35. Par ailleurs, les autres motifs successivement avancés pour justifier la rupture des relations commerciales avec l'institution Pierre Grise (voir paragraphes 12 à 14) sont contradictoires et ne sont nullement étayés par les pièces du dossier.
36. Dès lors, en refusant sans motif valable de publier dans sa revue Famille et Education les annonces de cours de vacances de l'institution Pierre Grise, la SARL Famille Educatrice s'est rendue coupable d'une pratique discriminatoire.
C. SUR LES EFFETS DES PRATIQUES
38. Le marché susceptible d'être affecté par la pratique discriminatoire est le marché national de l'enseignement privé (primaire et secondaire) hors contrat, qui compte environ 200 établissements, inégalement répartis sur le territoire accueillant environ 20 000 étudiants.

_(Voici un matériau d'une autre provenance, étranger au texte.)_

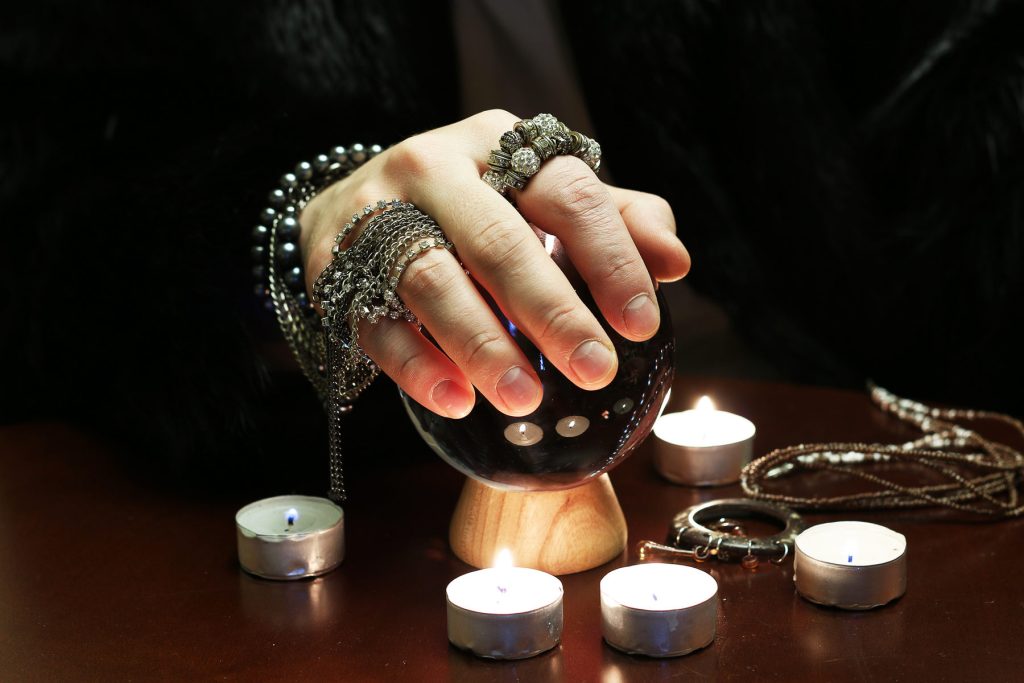 Hand with rings held over a crystal ball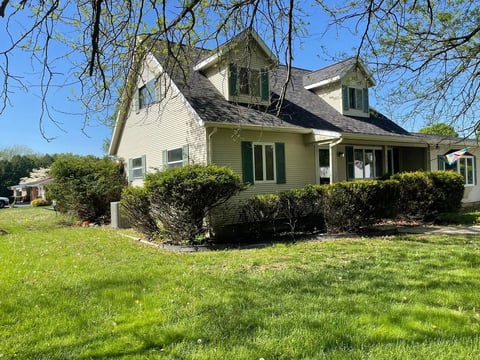 Cream-colored farmhouse with dormer windows, dark roof, green shutters, surrounded by manicured shrubs and lawn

En effet, il résulte des lettres de parents d'élèves versées aux débats par M. X, que la demande de parents d'élèves s'adressant à l'institution Pierre Grise s'étend au-delà de sa région proche et provient de toute la France (Saint-Germain en Laye, Paris, Les Ulis, Elancourt, Boutigny, Baden).

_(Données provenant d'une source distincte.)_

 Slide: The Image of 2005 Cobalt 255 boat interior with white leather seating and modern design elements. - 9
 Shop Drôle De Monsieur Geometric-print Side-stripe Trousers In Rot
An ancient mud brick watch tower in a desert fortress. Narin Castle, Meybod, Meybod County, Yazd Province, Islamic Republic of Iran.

39. A supposer même que le refus d'insertion des encarts publicitaires de l'institution Pierre Grise ait eu pour but de l'évincer du marché national de l'enseignement privé hors contrat, il n'est pas démontré que cette pratique ait effectivement entraîné la disparition de l'établissement, les conditions dans lesquelles celui-ci a fermé n'étant pas clairement explicitées et paraissant, de prime abord, étrangères aux pratiques en cause.
40. A supposer même un lien de causalité démontré entre la pratique discriminatoire et la fermeture de Pierre Grise, son impact sur le marché national de l'enseignement privé hors contrat serait, en tout état de cause, encore très limité, compte tenu du nombre d'établissements sur le marché national (200) et du petit nombre d'élèves ayant fréquenté l'institution (100 élèves, selon les déclarations du directeur de Pierre Grise, sur 20 000 élèves de l'enseignement privé hors contrat).

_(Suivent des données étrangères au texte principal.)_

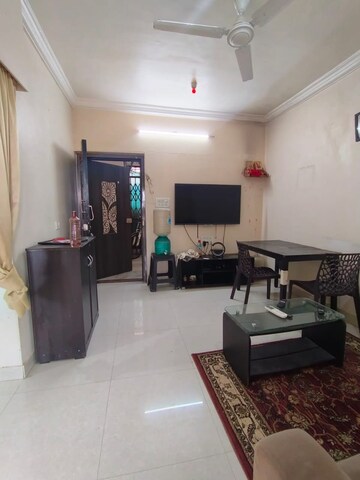 Living Room in 1 BHK Apartment at Royal Palms, Goregaon East – for Rent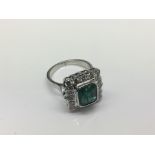 A 14ct white gold emerald and diamond ring, approx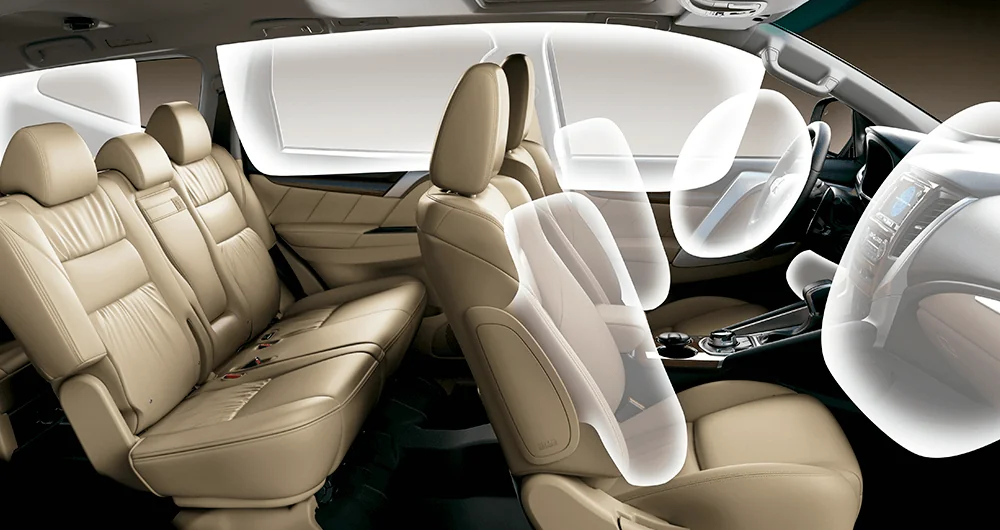 Interior del Mitsubishi Montero Sport mostrando tres filas de asientos beige con airbags desplegados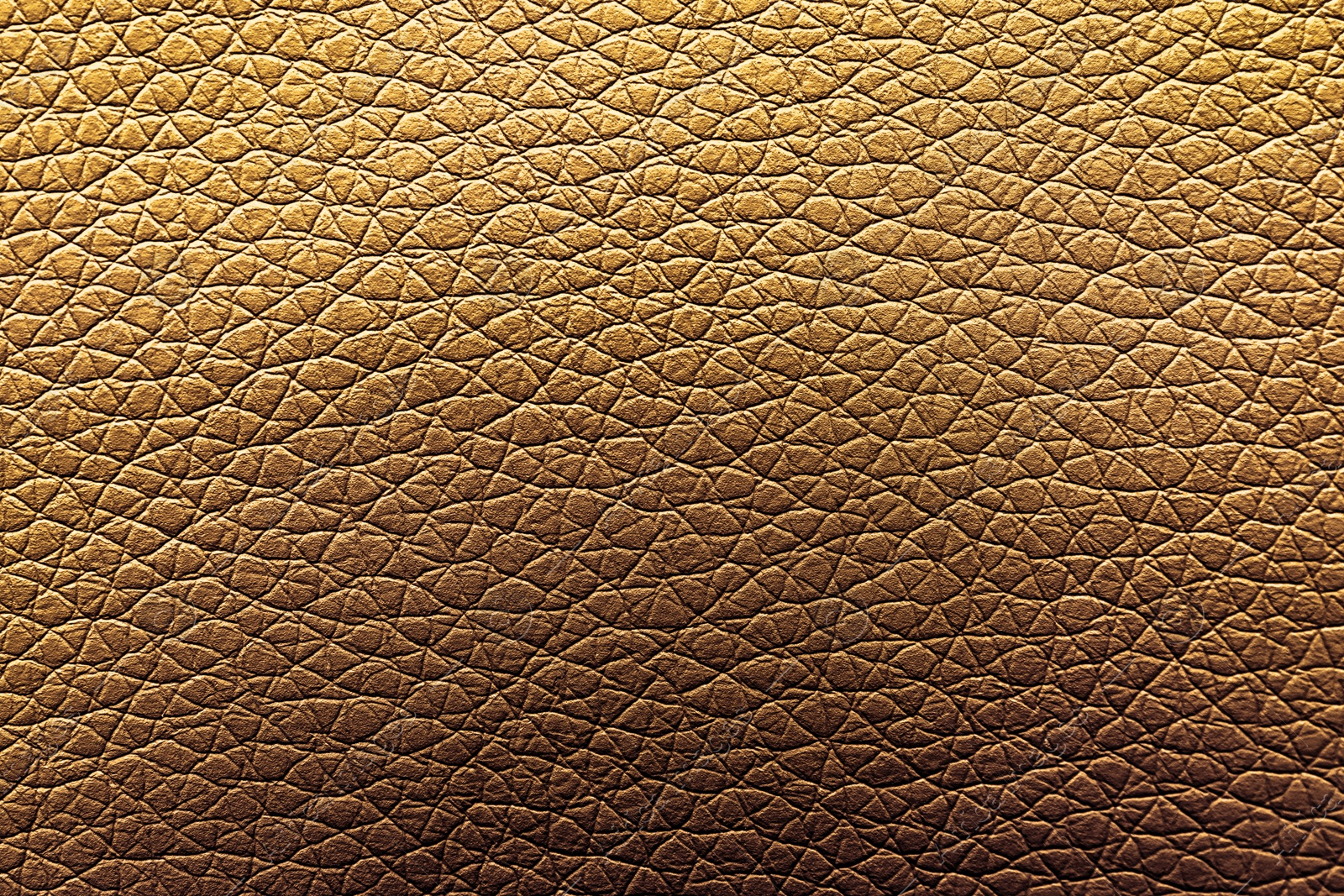 Image of Golden textured surface as background, closeup view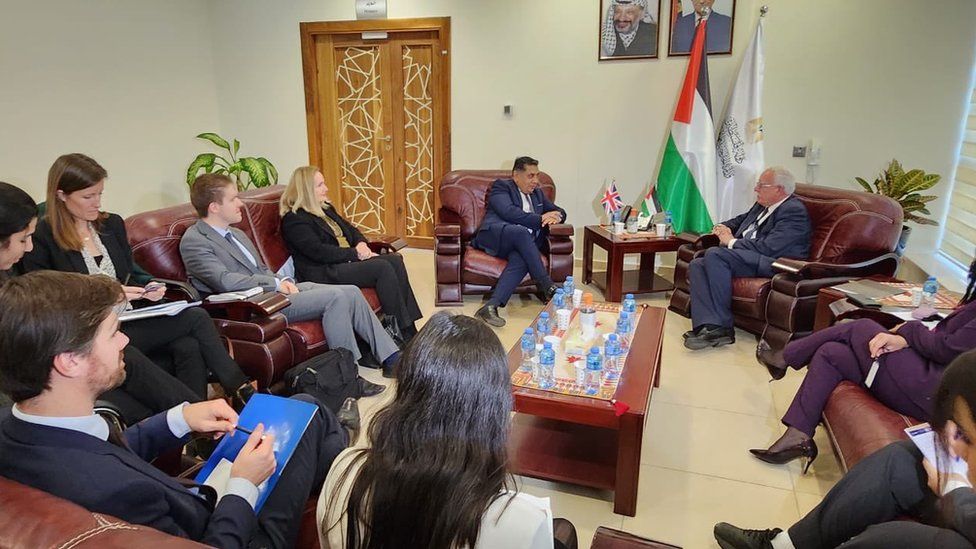British Foreign Office Minister Lord Ahmad (C) attends talks with Palestinian Foreign Minister Riad Malki (R) in Ramallah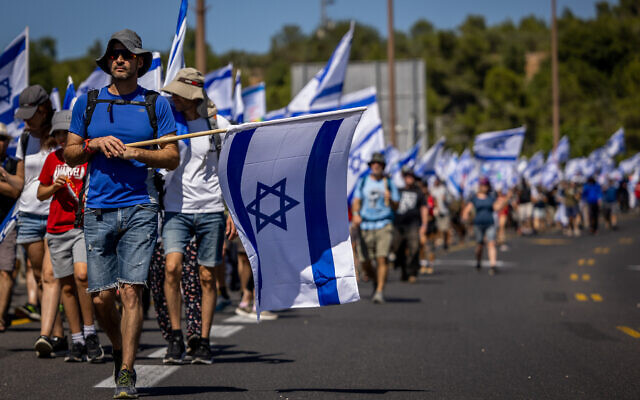 Anti-overhaul protesters march on Route 1 near Abu Ghosh, as part of the protests against the government's judicial overhaul, on July 22, 2023 (Yonatan Sindel/Flash90)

41. Pour tous ces motifs, la pratique discriminatoire ne pouvait avoir pour objet ou pour effet de fausser la concurrence sur ce marché. Dès lors, il n'est pas établi que cette pratique soit prohibée par l'article L. 420-2 du Code de commerce.
DECISION
Article unique : Il n'est pas établi que la société "Famille Educatrice" a enfreint les dispositions de l'article L. 420-2 du Code de commerce.